[SOURCE MATERIAL Boundary: Start]

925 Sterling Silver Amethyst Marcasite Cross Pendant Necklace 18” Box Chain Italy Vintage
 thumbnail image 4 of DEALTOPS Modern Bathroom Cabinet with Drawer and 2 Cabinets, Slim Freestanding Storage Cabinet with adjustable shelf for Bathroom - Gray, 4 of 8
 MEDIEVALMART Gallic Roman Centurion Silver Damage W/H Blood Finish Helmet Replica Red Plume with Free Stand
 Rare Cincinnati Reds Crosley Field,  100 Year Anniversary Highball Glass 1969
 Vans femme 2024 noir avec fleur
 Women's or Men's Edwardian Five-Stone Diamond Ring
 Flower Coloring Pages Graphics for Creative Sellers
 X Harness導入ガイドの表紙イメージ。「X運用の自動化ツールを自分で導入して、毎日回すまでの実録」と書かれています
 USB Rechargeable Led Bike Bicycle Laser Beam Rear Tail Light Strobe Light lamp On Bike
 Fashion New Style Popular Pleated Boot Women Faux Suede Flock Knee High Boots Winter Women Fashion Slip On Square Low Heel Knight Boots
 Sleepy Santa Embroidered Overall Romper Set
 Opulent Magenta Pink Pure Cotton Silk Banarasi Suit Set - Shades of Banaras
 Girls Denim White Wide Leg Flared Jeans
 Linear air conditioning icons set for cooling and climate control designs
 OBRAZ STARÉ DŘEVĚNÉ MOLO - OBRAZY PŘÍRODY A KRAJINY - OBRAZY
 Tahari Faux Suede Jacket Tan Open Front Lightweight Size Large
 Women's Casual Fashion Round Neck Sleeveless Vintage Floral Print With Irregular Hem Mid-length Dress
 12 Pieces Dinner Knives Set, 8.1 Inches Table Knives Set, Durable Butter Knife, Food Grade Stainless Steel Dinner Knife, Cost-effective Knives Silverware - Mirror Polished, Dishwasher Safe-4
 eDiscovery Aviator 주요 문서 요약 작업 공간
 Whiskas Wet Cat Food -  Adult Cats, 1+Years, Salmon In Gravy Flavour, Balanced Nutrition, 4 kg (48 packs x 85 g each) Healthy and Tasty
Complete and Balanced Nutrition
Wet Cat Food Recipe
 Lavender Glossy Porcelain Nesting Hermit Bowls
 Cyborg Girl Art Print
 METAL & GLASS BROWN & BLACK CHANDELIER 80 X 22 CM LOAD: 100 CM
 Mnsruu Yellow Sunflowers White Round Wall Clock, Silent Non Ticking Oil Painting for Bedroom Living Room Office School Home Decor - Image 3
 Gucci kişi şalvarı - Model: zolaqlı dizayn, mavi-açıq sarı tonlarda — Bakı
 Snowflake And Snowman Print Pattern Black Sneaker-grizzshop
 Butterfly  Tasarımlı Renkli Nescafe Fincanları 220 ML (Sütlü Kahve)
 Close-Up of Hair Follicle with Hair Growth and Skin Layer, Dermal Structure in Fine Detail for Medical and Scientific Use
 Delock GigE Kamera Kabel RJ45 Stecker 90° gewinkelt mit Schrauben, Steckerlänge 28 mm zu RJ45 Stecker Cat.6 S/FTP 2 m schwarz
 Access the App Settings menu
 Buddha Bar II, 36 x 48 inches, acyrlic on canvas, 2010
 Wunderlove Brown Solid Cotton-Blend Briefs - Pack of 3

[SOURCE MATERIAL Boundary: End]

* WORK ITEM *
Look above for every line with the word "Round" and copy it.

* SOLUTION FOR THIS PROBLEM *
 Women's Casual Fashion Round Neck Sleeveless Vintage Floral Print With Irregular Hem Mid-length Dress
 Mnsruu Yellow Sunflowers White Round Wall Clock, Silent Non Ticking Oil Painting for Bedroom Living Room Office School Home Decor - Image 3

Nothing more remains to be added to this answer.